Citizen science projects, also known as Public Participation in Scientific Research (PPSR), have been gaining popularity worldwide as a way for the public to engage in scientific research. Educational goals and personal development have been identified as key outcomes of these programs. However, how the degree of participation in the scientific process translates into individual outcomes is not clear. Moreover, there are not many clues as to whether successful examples of co-creating PPSR programs at the local level are feasible on a large spatial scale and entirely online.
To address these gaps, researchers from Cornell University, in the US, analyzed the results of the Bird Cams Lab’s investigations called “Battling Birds: Panama”. This citizen science project engaged thousands of people in observing bird behavior through a virtual platform with online cam watchers. The study aimed to examine how providing opportunities to engage in multiple stages of the scientific process relates to individual learning and in which ways the degree of participation is associated with such outcomes.

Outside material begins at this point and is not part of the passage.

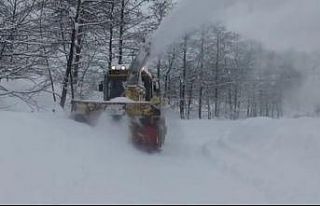 Ordu’da kar kalınlığı 2,5 metreyi geçti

From December 2020 to June 2021, approximately 2,014 participants participated in optional activities spanning the entire scientific process, including question design, data collection, and data exploration. The scientific team surveyed them before and after their engagement in the research.
Science inquiry skills learning
Researchers found that the degree of participation was significantly linked to the participants’ science inquiry skills improvement. Those who engaged in diverse phases of the investigation showed the greatest advance. Other significant predictors included age, education level, and participation in other Bird Cams Lab investigations. Remarkably, gender and science training was not important as improvement predictors.
The findings also align with experiential learning theory, which suggests that knowledge is created through the transformation of experience. Taking part in scientific programs boosts self-efficacy, content knowledge, and self-perceived development of science inquiry skills. Participants who contributed to data visualization and shaping the investigation had the highest self-perceived learning outcomes.
The study published in the journal “Citizen Science: Theory and Practice” concluded that engagement in data collection was associated with greater gains in participants’ self-efficacy and content knowledge compared to other phases. This suggests that programs with limited funding and resources should focus on data collection to get the most impactful way to improve participant-level outcomes.